• **EXERCISE**
In the data below, the answer is the run of lines from the line containing "1 Rudd Street, Broadbeach Waters QLD 4218" through the line containing "8 WEAPONS Muay", both included; print it exactly and nothing else.

• **RECORDS PROVIDED**
________________________________________
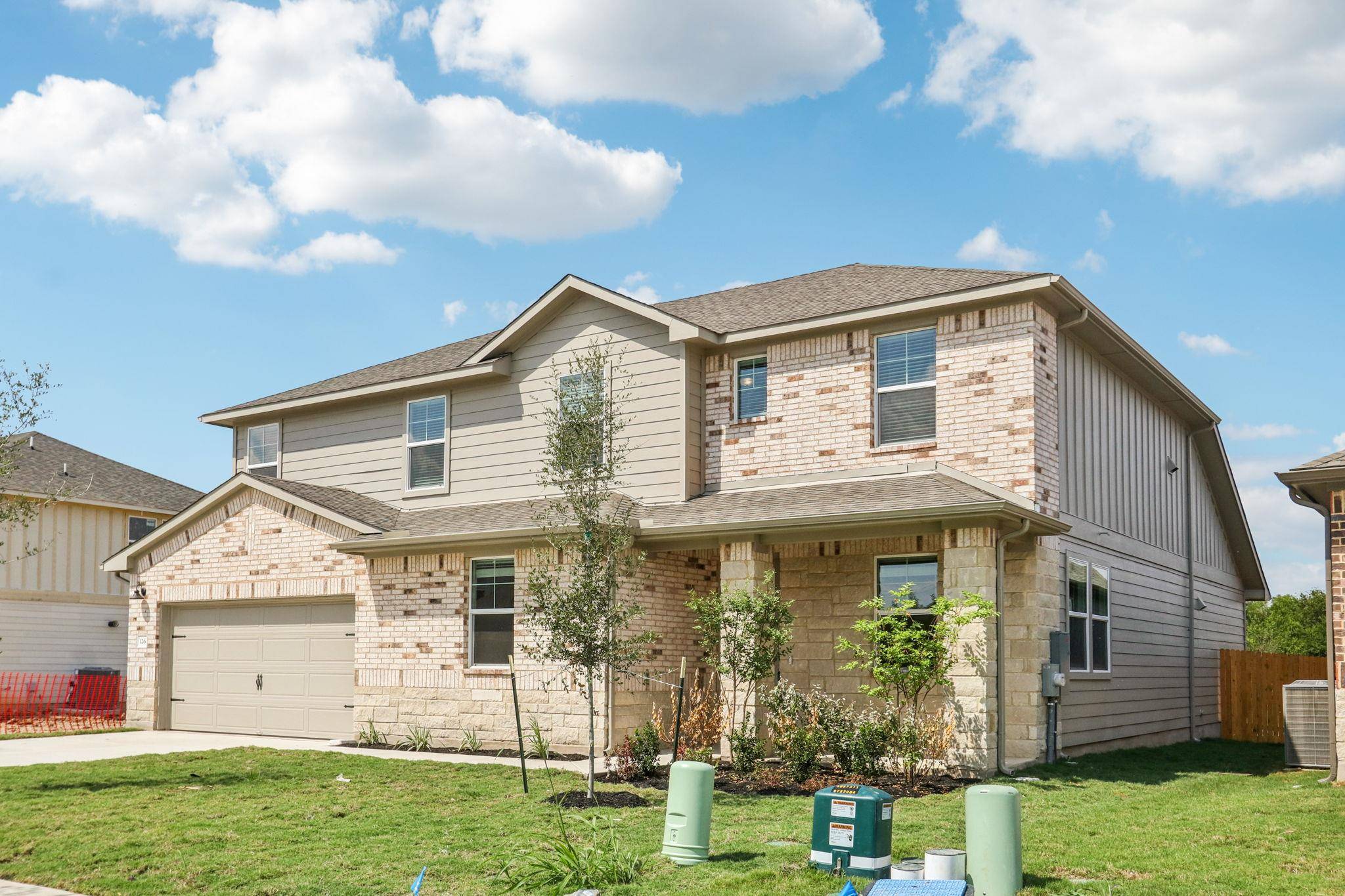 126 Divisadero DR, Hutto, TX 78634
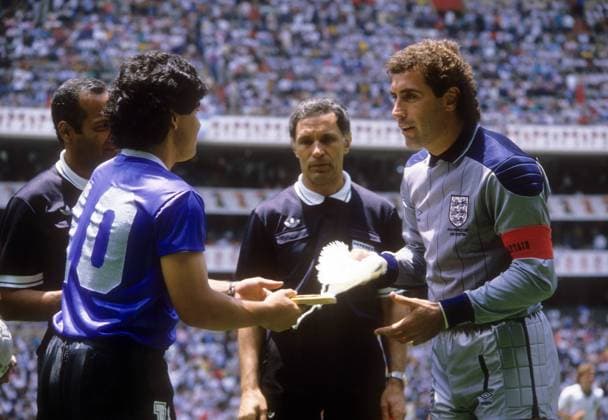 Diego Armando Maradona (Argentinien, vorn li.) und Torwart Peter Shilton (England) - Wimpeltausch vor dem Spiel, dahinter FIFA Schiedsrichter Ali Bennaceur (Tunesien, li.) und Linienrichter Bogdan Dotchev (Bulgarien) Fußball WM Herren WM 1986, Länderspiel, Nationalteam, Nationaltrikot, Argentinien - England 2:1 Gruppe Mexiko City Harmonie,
________________________________________
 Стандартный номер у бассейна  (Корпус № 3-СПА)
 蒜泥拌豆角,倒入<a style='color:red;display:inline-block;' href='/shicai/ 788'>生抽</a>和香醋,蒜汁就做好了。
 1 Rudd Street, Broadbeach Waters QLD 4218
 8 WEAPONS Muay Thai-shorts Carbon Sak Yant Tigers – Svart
________________________________________
• **OUTPUT OF THE EXERCISE**
 1 Rudd Street, Broadbeach Waters QLD 4218
 8 WEAPONS Muay Thai-shorts Carbon Sak Yant Tigers – Svart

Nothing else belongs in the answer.